But despite reaching the finals of both competitions last year, and being South Africa’s best-performing Super Rugby side in 2011, Newlands fans are fully entitled to ask the question once more: “When are we actually going to see either trophy enter the musty cabinet?”

Is it enough for the hierarchy to enthusiastically tout the volume of fresh-faced talent in their fold - from U19 level and upward - ad nauseam?

Is it sufficient comfort to the Newlands faithful to see the U21s romp to a five-tries-to-one triumph over their Sharks counterparts in the Friday evening curtain-raiser, as did happen?

The trouble, I think, is that they’ve heard all these promises before of “building from within”.

Let’s not forget that a few seasons ago, when Nick Mallett was basically the Erasmus-like overseer and Kobus van der Merwe the coach, WP Rugby similarly believed it was in renaissance mode.

But no material gain came from that particular drive, when you think about it: in fact, it is amazing to consider how many of that campaign’s supposedly key elements disappeared elsewhere or, in some cases, into relative anonymity.

Captain Luke Watson went to Bath, before later returning to aid the Eastern Cape “revolution”, second-rowers Francois van der Merwe and Ross Skeate sought new pastures abroad, as did Robbie Diack and the admirably versatile Joe Pietersen, while the nippy, crowd-pleasing wing Zhahier Ryland - admittedly a bit lightweight for top-flight rugby - also drifted off the first-class radar.

In a nutshell, I reckon there’s a case for saying WP Rugby doesn’t have quite the true “depth” it kids itself it does: there’s a bit of an imbalance between a host of significantly inexperienced youngsters, who are probably two or three years away yet from genuine fulfilment of talent (if it actually occurs, mind you) and near-veteran, often unavailable Springboks.

In the latter category obviously fall names like Jean de Villiers, Jaque Fourie, Bryan Habana and Schalk Burger, all of whose best days in the game are now very close to the downward slope - and in certain cases evidently even on it.

There just isn’t enough steel left “in the middle” ... and here WP enthusiasts will feel quite justified in forcefully questioning the union’s willingness to offload perfect players, frankly, for a Currie Cup thrust like Francois Louw, Anton van Zyl and also Peter Grant, who continues to punch mysteriously below his flyhalf weight in Japan while our premier domestic competition runs its course.

In fairness, maybe there are times when you simply can’t stop certain determined, rolling stones from bouncing off elsewhere.

And here’s the trouble when a union is perceived to have an enviable barrel of up-and-coming players: many of them get poached.

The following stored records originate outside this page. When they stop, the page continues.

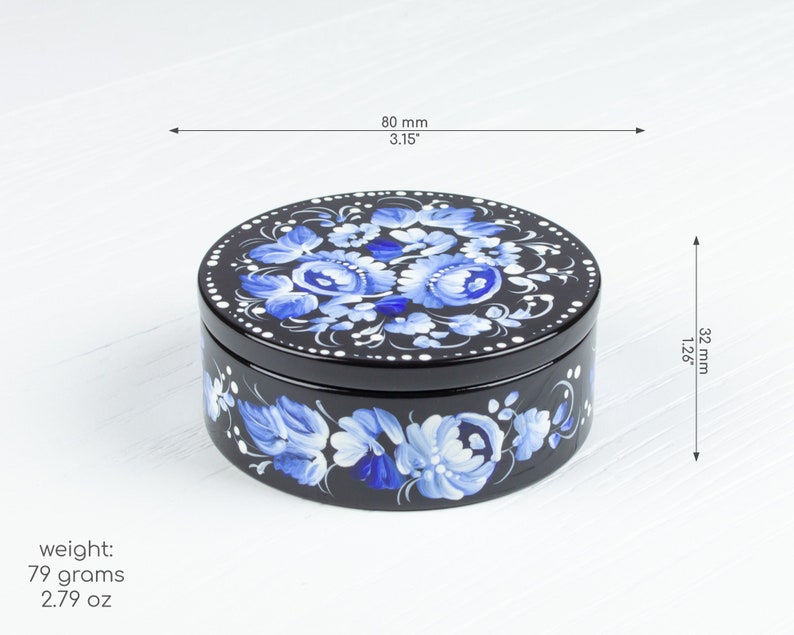 Ukrainian Small Decorative Box, Hand Painted Jewelry Box, Trinket Ring Box, Unique Handmade Lacquer Box Petrykivka Gift Ukraine Shop, S022 image 9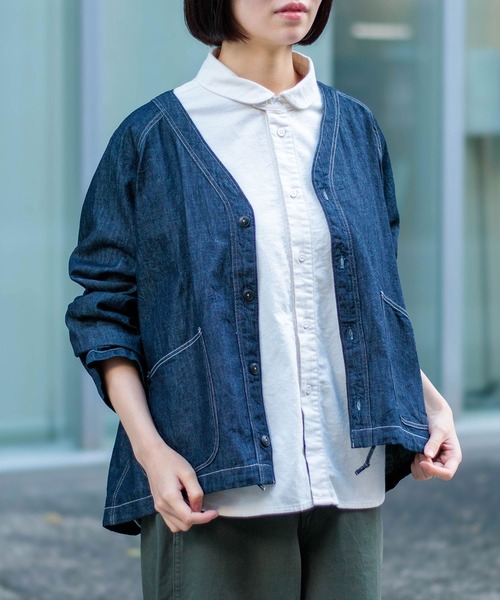 D.M.G. / ディーエムジー] 6ozデニム ワークシャツカーディガン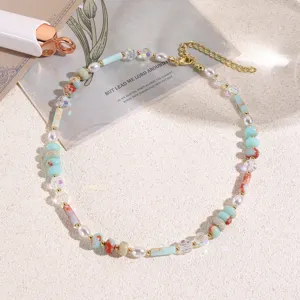 Vintage beaded choker necklace with turquoise and pearls, trendy double layer clavicle chain for women.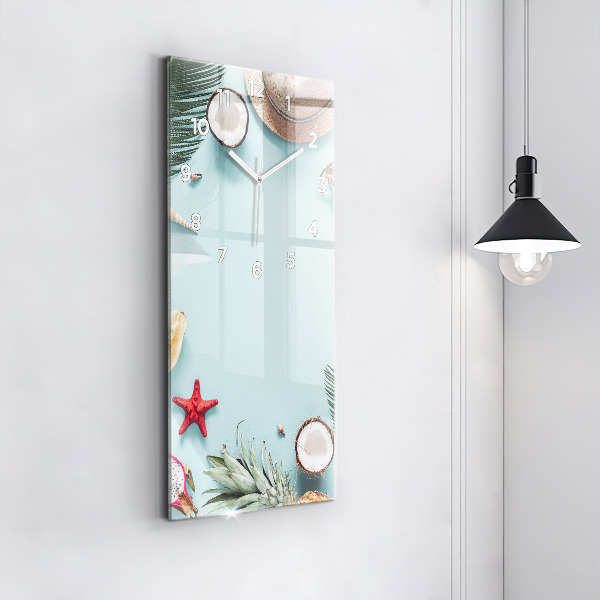 Horloge rectangulaire verticale 'Composition d''été'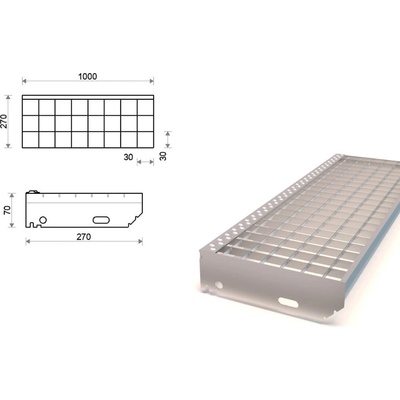 Pozinkovaný schodišťový stupeň protiskluzový 1000x270 mm, oko 30x30 mm – Zboží Mobilmania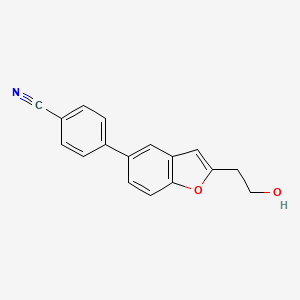 molecular formula C17H13NO2 B8689051 4-[2-(2-Hydroxyethyl)-1-benzofuran-5-yl]benzonitrile CAS No. 460746-48-9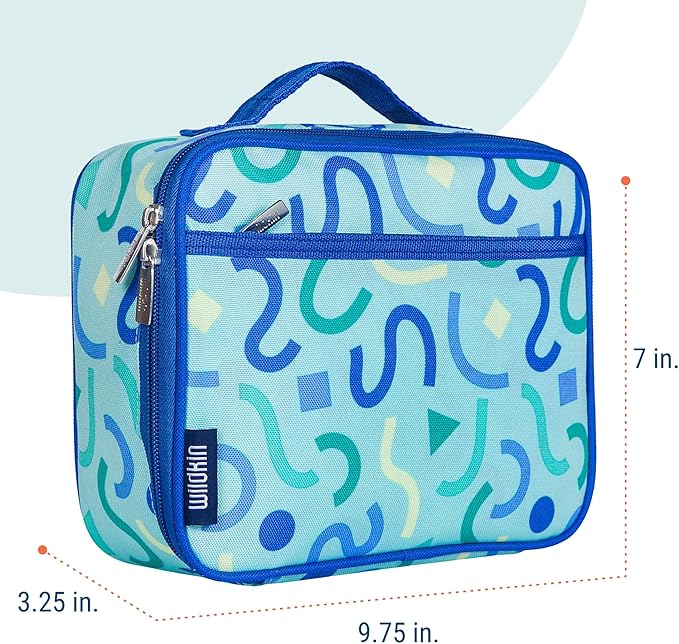 Wildkin Kids Insulated Lunch Box – Durable and Reusable for School & Travel - Confetti Blue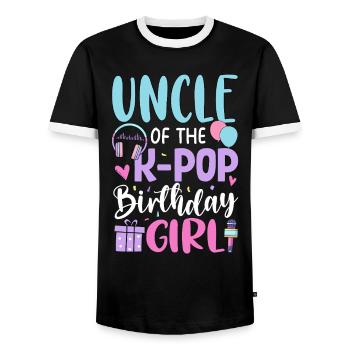 Uncle Of The K Pop Birthday Girl - Men's Ringer Shirt - black/white - Front - AI Model Female 172 light (172cm) & AI Model Male 178 light (178cm)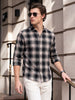 Men's Grey Slim Fit Checkered Casual Shirts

The clearly exciting outside back Johann Sadie, soon Bulls-bound, is a very strong case in point.

Just looking at the respective team sheets, I always felt Province would do really well to get past a Sharks side still sporting something like 10 internationals in their match-day 22.

Province? Just two - and neither of Conrad Jantjes or Hilton Lobberts has come close to a Springbok dressing room in quite a while.

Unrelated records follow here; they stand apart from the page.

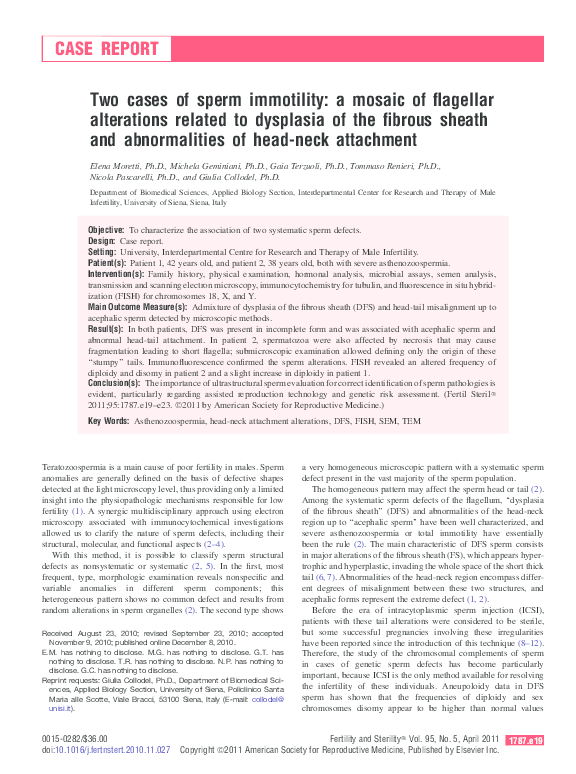(PDF) Two cases of sperm immotility: a mosaic of flagellar alterations ...
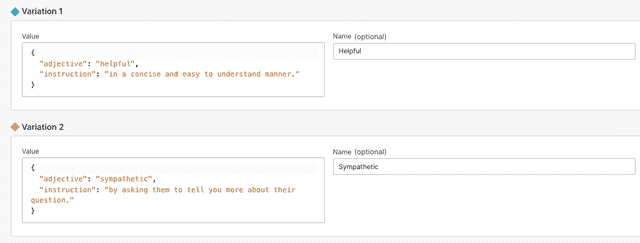 Variations for the langchain-template-variables feature flag.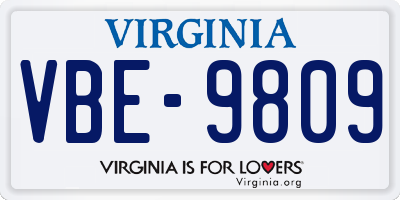 VA license plate VBE9809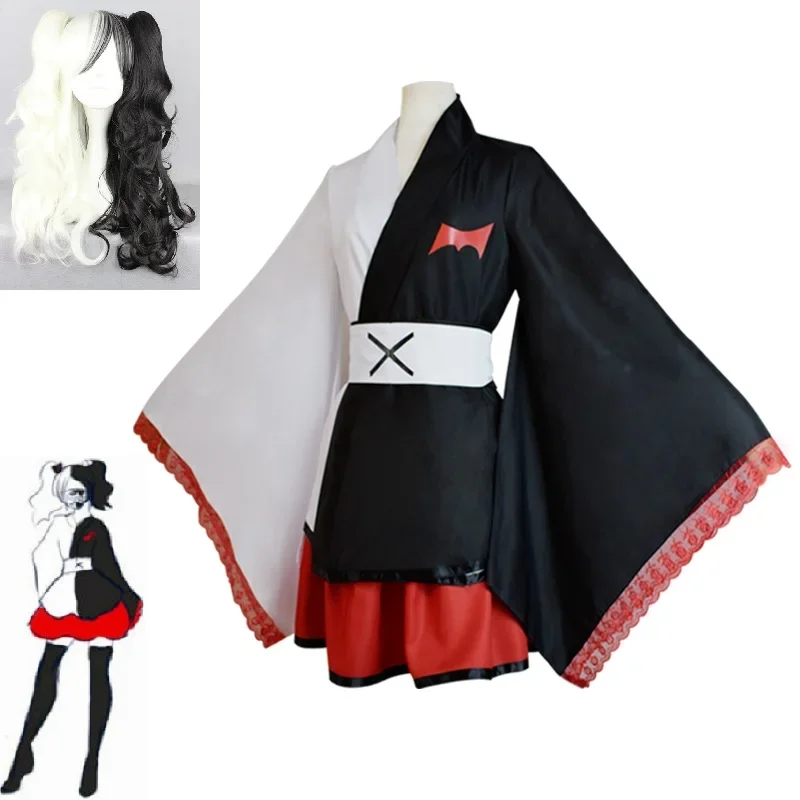 

Danganronpa Monokuma Cosplay Costume Kimono Women Dresses Halloween Csotumes Anime Wigs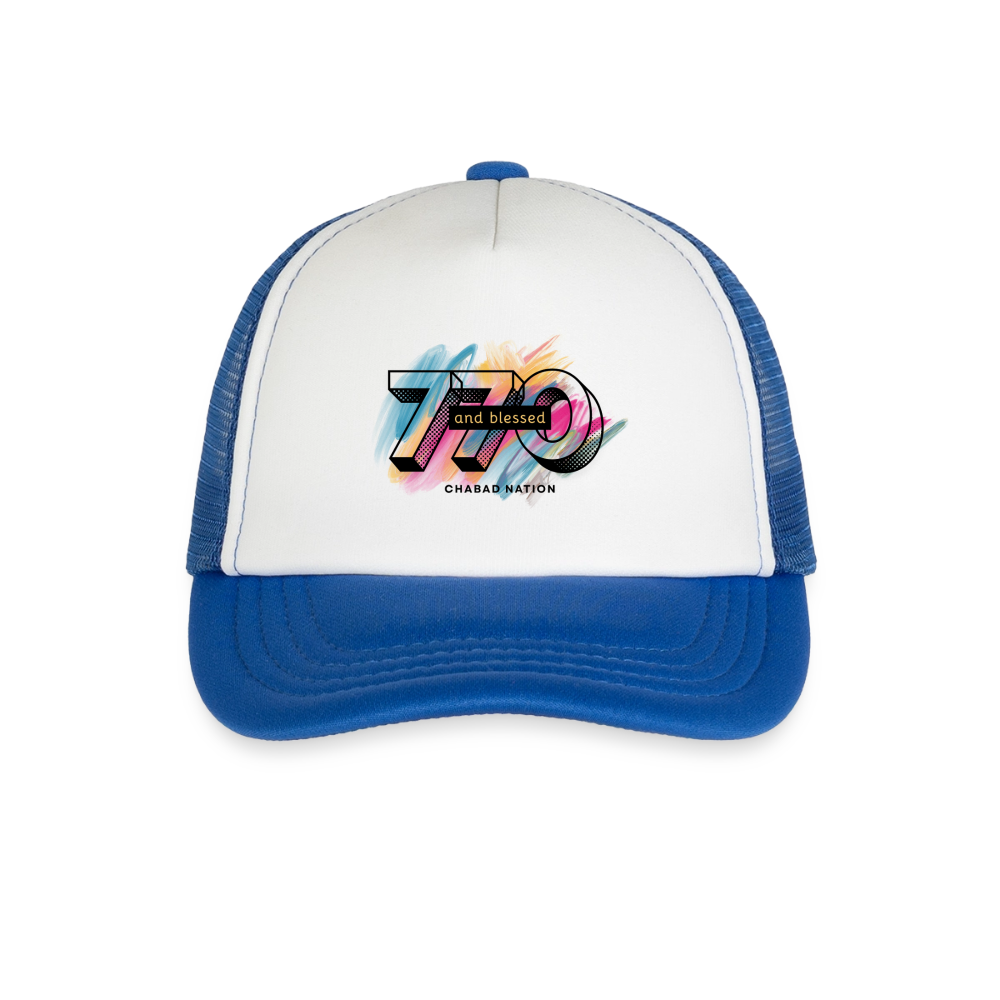 770 And Blessed  Kid's Trucker Cap - white/royal blue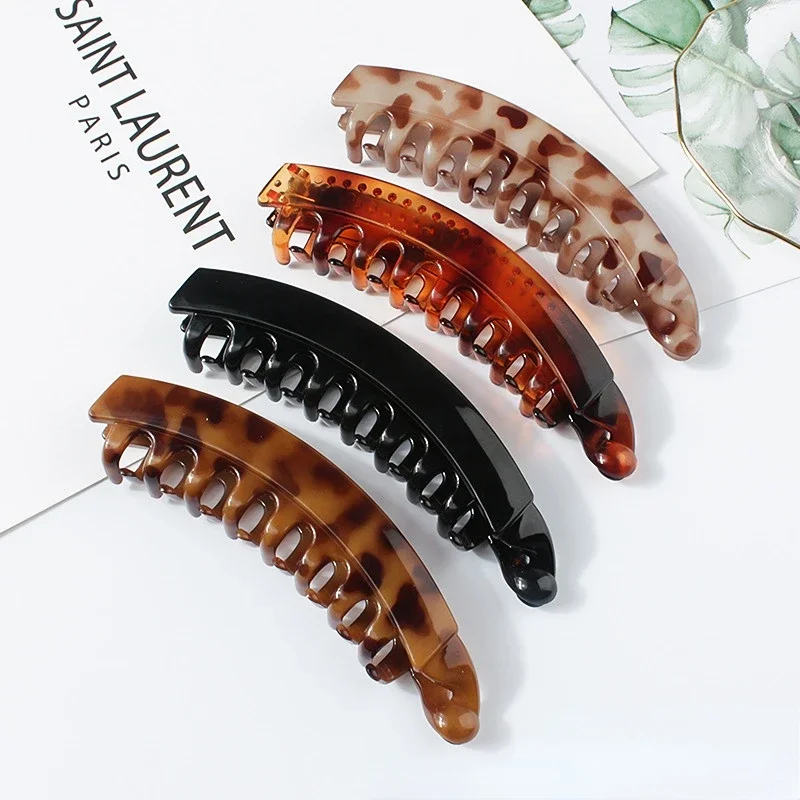 Fashion Large Banana Hair Clips Solid Color Frosted Hair Claws Classic Women Non-Slip Ponytail Barrettes Hairpins For Fine Hairs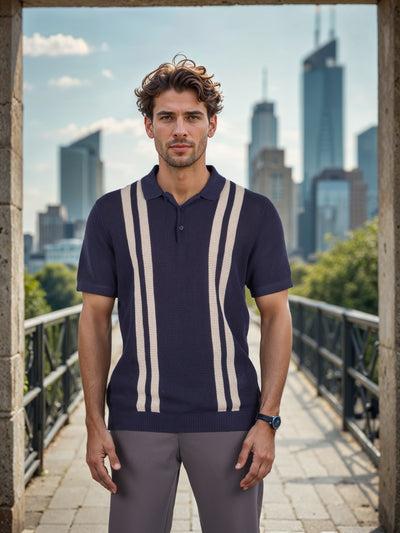 Celio* Striped Regular Fit Cotton Navy Blue T-Shirt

The Sharks’ superior street-wisdom and tactical nous on the wretched night went a long way to explaining their precious triumph.  

It is true that when the likes of Duane Vermeulen and Rynhardt Elstadt are fit again, WP will take on a rather sturdier look once more.

But to arguably compound Province’s present predicament, a glance at the long-range weather forecast suggests that Friday night’s appealing home game against the in-form Lions may be played once more in heavy-underfoot, rain-lashed conditions as the Cape’s unusually sunny winter produces another wee sting in its tail.

Might a no-nonsense, physical Lions eight thus give a frankly limited WP pack further “issues” to grapple with?

You heard it here first ...

Next week’s Currie Cup fixtures:

Friday: WP v Lions, Cape Town; Blue Bulls v Griquas, Pretoria; Sharks v Leopards, Durban.

Saturday: Cheetahs v Pumas, Bloemfontein.